Suspect Killed By Law Enforcement, But Mashpee Wampanoag Woman Still Missing
Native News Online, November 13
Mashpee Wampanoag officials still seek to locate tribal citizen Jalajhia Finklea, who has been missing since October 20. In a development related to the case, a 37-year-old Fort Lauderdale, Florida. man, who has been identified as the person Finklea was seen getting into a vehicle with in New Bedford, died in a McDonald’s parking lot in Crestview, Florida while U.S. marshals attempted to take him into custody.
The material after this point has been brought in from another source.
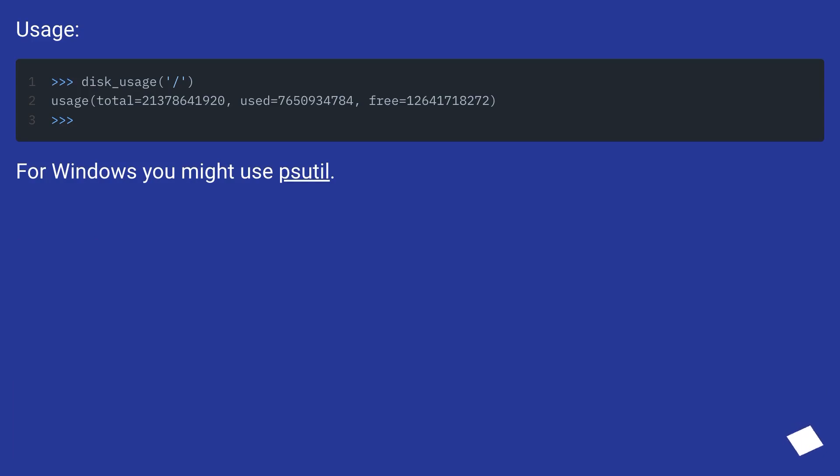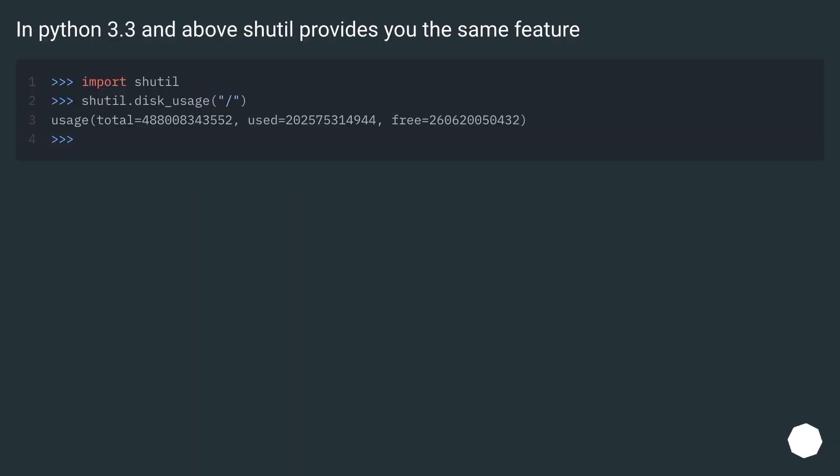For Windows you might use shutil. In Python 3.3 and above, shutil provides you the same feature.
Association Of Native American Medical Students Urges UC Medical Schools To Create New Admissions Policy
The Triton, Sarah Naighten, November 13
In an effort to increase Native American representation in the University of California’s (UC) medical schools, the Association of Native American Medical Students (ANAMS), sent a letter to the UC medical schools on August 21. The ANAMS, which represents Native American health profession students in the US and Canada, called for the implementation of a new admissions policy that would increase the number of Native American students at UC medical schools.
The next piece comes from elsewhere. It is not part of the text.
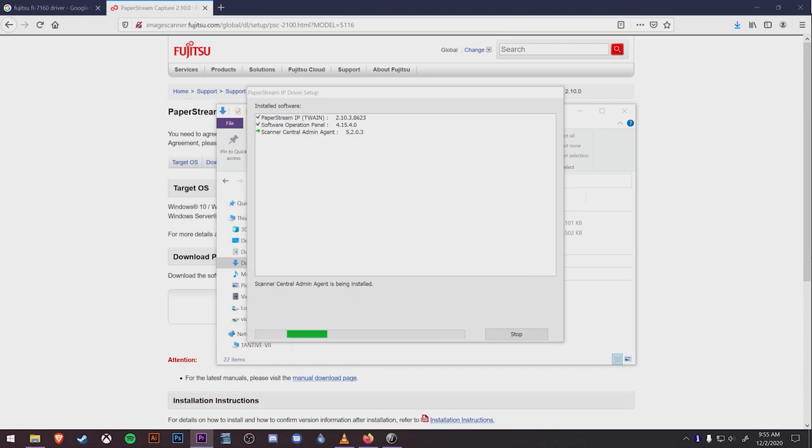Once finished, these three entries on the list will all have check marks to the left. The stop button at the bottom will change to close, which you can click.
Investigators Probe Threats To Marin Native American Museum
Marin Independent Journal, Will Houston, November 15
Authorities are investigating two suspicious letters that were sent to the Marin Museum of the American Indian that contained the words “smallpox” and “anthrax” on the envelopes. The Novato museum reported that the anonymous letters arrived after protesters toppled the Junipero Serra statue at Mission San Rafael Arcangel last month. The museum also received racist emails after the protest, according Doug Fryday, the museum’s president.
‘It’s A Sovereign Place’
Indian Country Today, Stewart Huntington, November 13
When Lakota activists set up a camp for homeless relatives in this Black Hills town last month, the police descended immediately and shut it down. The response? The activists quickly moved the encampment to trust land just outside of town. Today the camp, built on traditional values and teachings, is flourishing.
Native American Basketball Invitational Returns In 2021 After ‘Devastating’ Decision To Cancel
Cronkite News, Averi Roberts, November 12
After a one-year absence because of the COVID-19 pandemic, the Native American Basketball Invitational will return in July, showcasing indigenous basketball players from across the U.S., Canada and New Zealand at venues around the Valley. The championship games will take place at the newly renovated downtown arena of the Phoenix Suns and Mercury.